What needs to be done –
In the data below, find the line with "Galatasaray'a müjde üstüne" and the line with "노스페이스 신형 눕시", then restate both and every line between them exactly, minus the pictures.

Listed records –
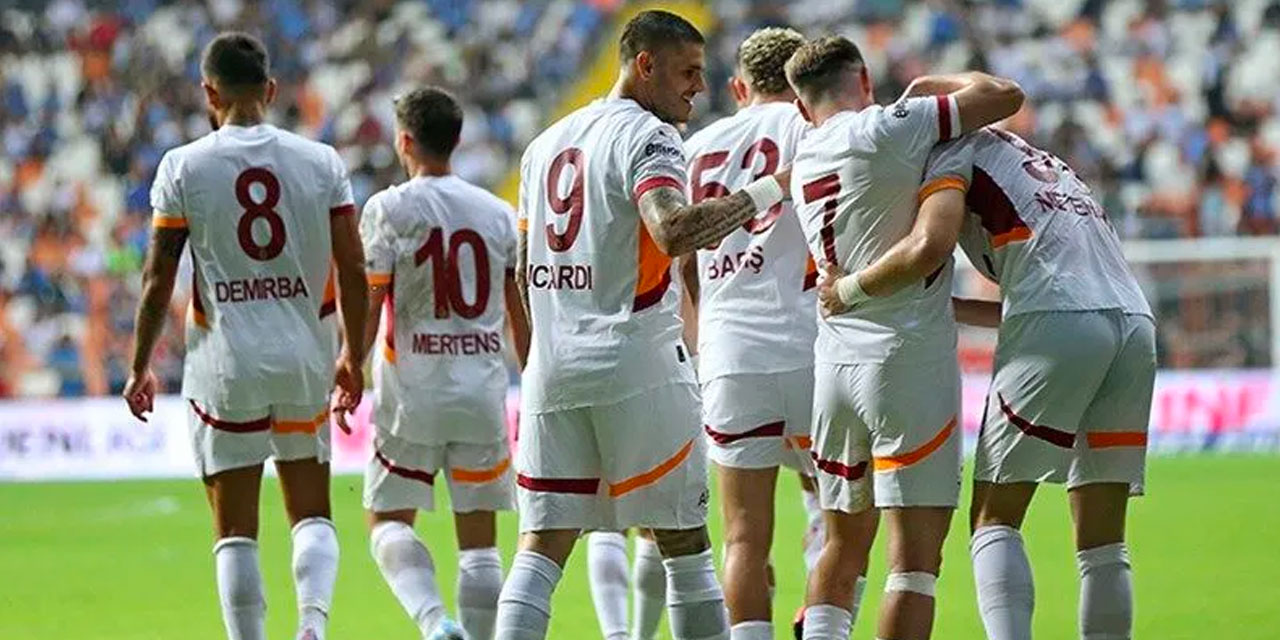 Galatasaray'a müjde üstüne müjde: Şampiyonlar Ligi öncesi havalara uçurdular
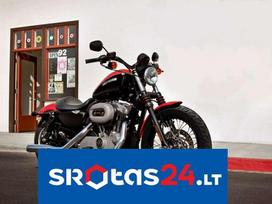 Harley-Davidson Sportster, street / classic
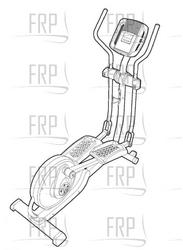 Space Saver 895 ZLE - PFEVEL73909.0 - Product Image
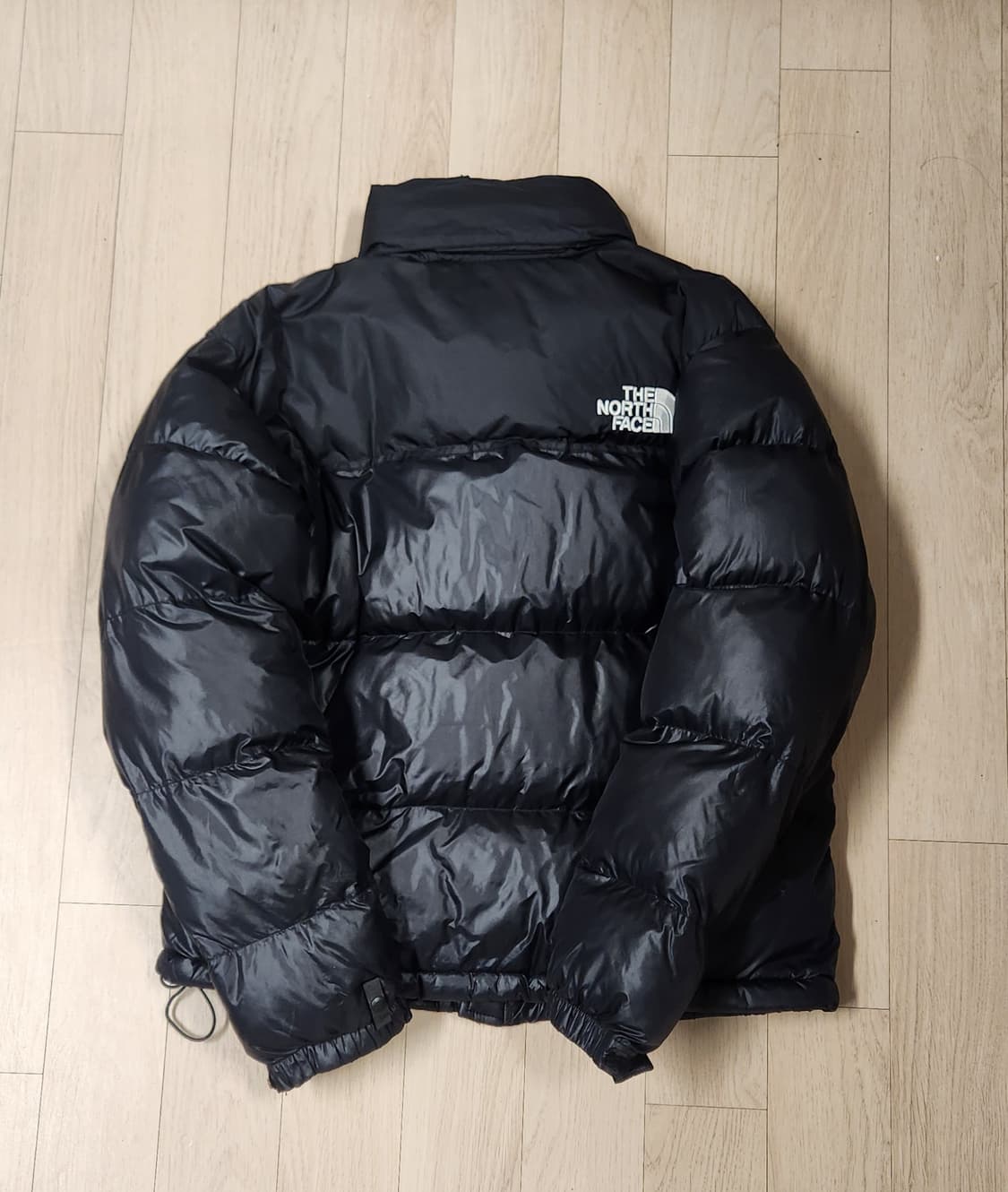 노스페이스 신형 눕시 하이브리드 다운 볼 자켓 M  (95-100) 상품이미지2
==
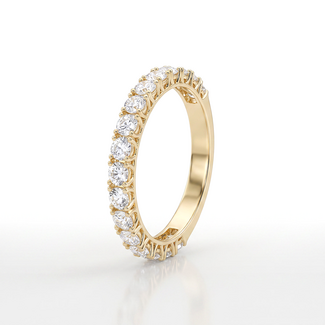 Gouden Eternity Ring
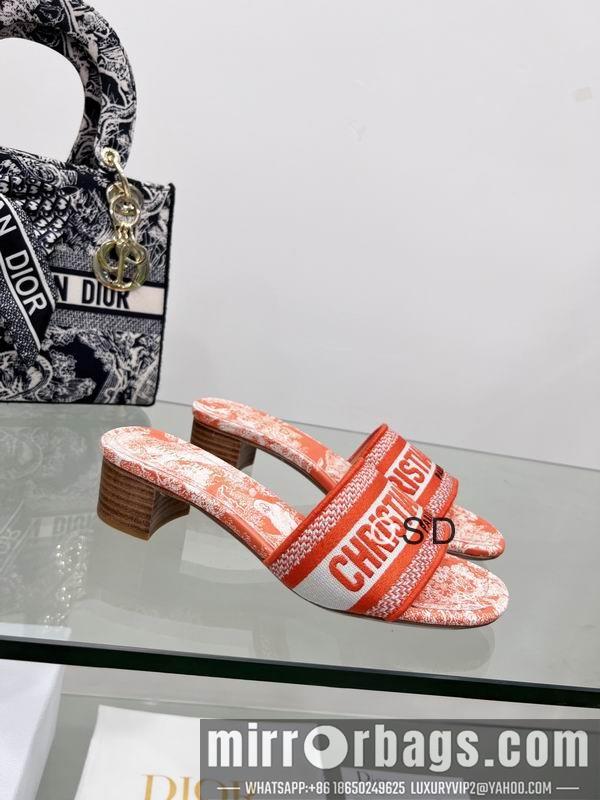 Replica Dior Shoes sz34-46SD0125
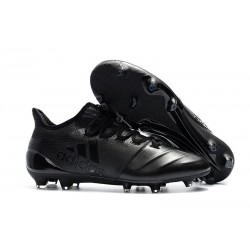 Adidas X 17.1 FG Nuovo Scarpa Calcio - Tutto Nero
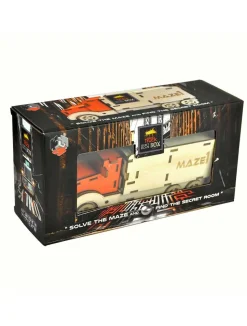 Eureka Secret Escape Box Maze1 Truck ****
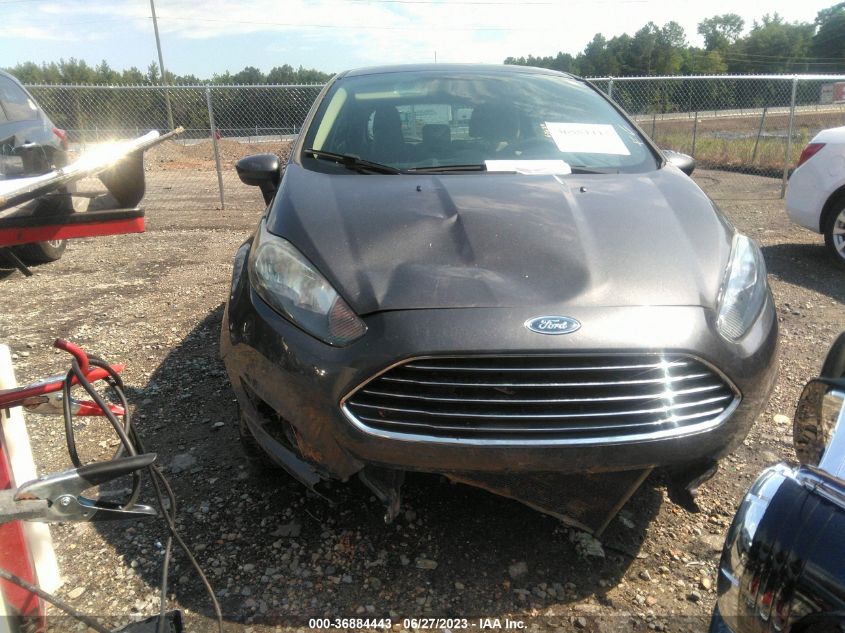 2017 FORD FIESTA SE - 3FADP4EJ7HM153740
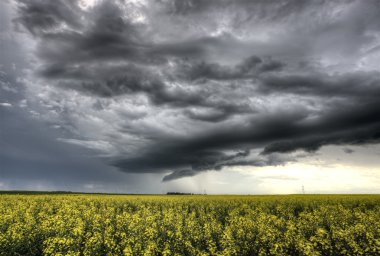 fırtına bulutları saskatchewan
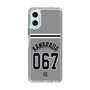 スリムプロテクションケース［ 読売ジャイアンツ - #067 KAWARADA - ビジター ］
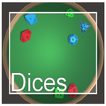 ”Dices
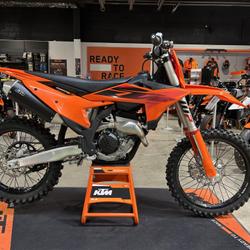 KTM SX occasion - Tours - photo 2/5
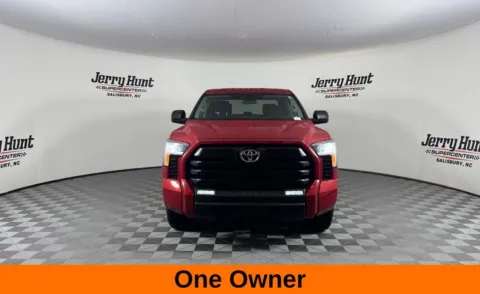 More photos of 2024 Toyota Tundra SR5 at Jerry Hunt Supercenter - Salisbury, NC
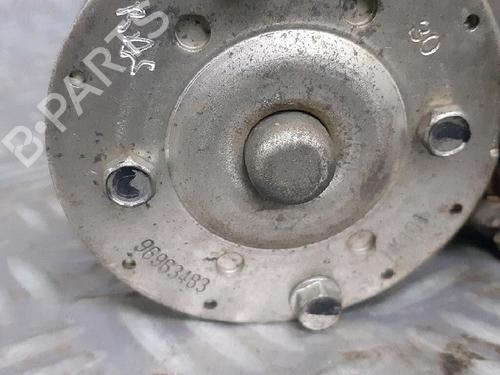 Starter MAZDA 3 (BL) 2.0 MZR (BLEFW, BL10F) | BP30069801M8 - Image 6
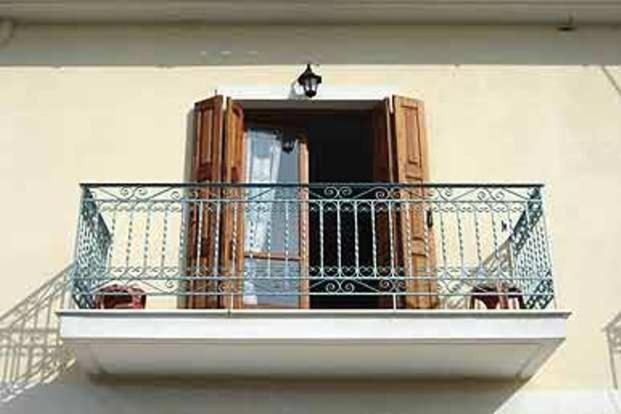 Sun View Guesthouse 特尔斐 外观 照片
* * *
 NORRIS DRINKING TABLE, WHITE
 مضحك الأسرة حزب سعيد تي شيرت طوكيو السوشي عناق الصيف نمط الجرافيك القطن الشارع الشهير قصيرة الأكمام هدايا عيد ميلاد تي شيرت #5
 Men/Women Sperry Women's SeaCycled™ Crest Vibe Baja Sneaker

Output for this task –
 Galatasaray'a müjde üstüne müjde: Şampiyonlar Ligi öncesi havalara uçurdular
 Harley-Davidson Sportster, street / classic
 Space Saver 895 ZLE - PFEVEL73909.0 - Product Image
 노스페이스 신형 눕시 하이브리드 다운 볼 자켓 M  (95-100) 상품이미지2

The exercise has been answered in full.